Directions for this task: Your task is to transcribe each record exactly and to omit every image.

====== Provided material

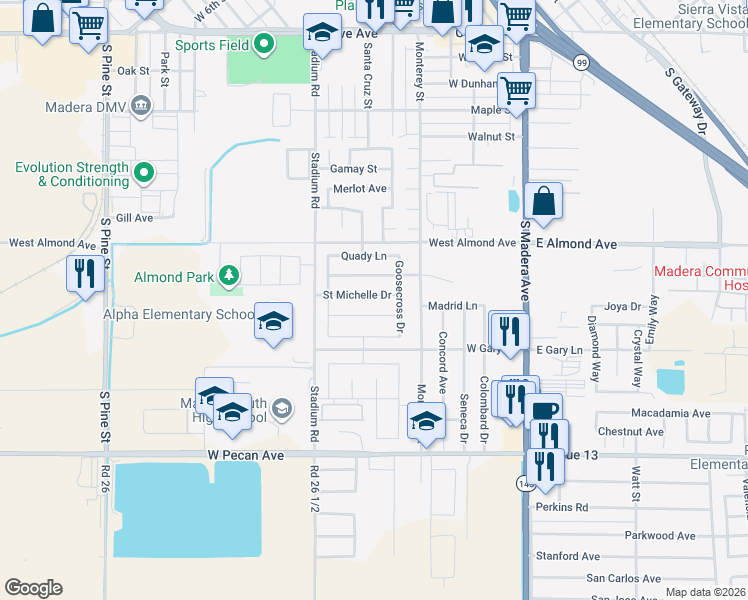 map of restaurants, bars, coffee shops, grocery stores, and more near 614 Saint Michelle Drive in Madera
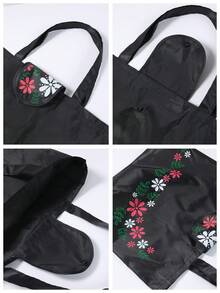 Bolsa de compras reutilizable con diseño de flor de hoja negra, bolsa plegable de gran capacidad, duradera y lavable - Negro - Ver 10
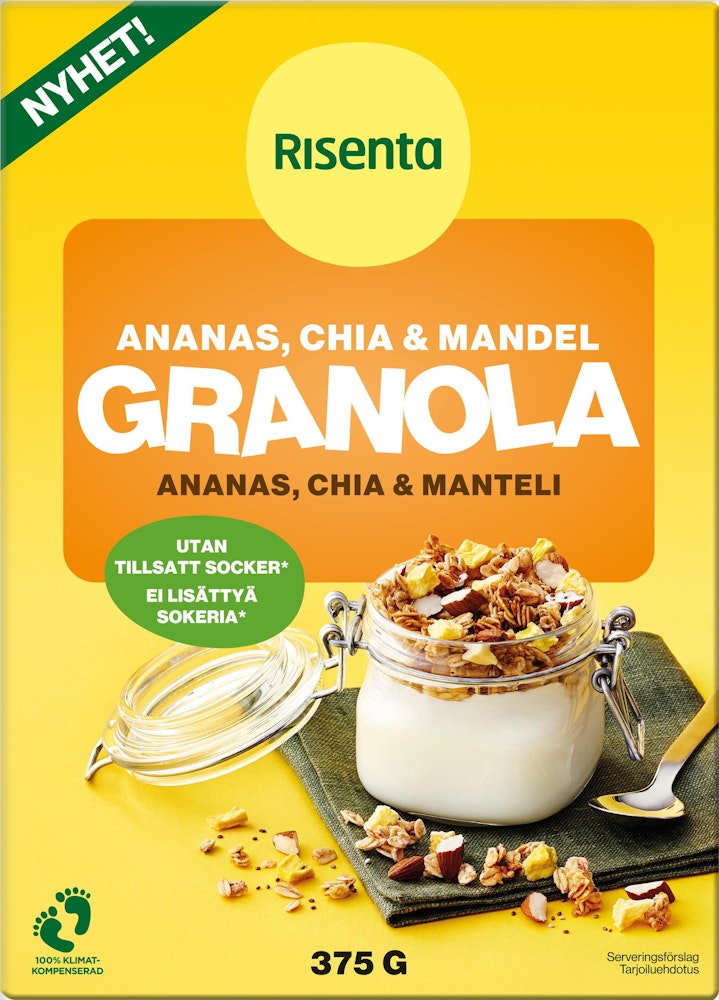Risenta Granola Ananas/Chia & Mandel Risenta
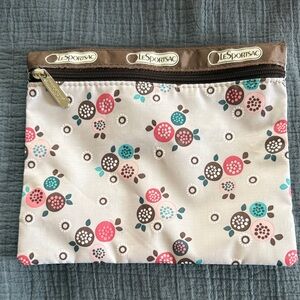 LeSportsac Cosmetics Floral Pouch - Cream, Brown, and Pink NWOT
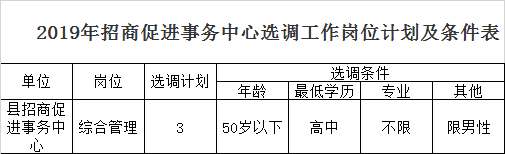 2019年招商促进事务中心选调工作岗位计划及条件表.png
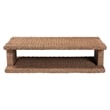 Pemberly Row Handwoven Seagrass Coffee Table with Basketweave and Shelf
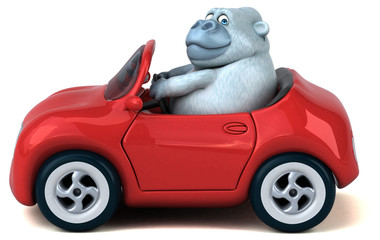 Fun white gorilla - 3D Illustration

============

Task output:
 map of restaurants, bars, coffee shops, grocery stores, and more near 614 Saint Michelle Drive in Madera
 Bolsa de compras reutilizable con diseño de flor de hoja negra, bolsa plegable de gran capacidad, duradera y lavable - Negro - Ver 10
Risenta Granola Ananas/Chia & Mandel Risenta
 LeSportsac Cosmetics Floral Pouch - Cream, Brown, and Pink NWOT
 2019年招商促进事务中心选调工作岗位计划及条件表.png
 Pemberly Row Handwoven Seagrass Coffee Table with Basketweave and Shelf
 Fun white gorilla - 3D Illustration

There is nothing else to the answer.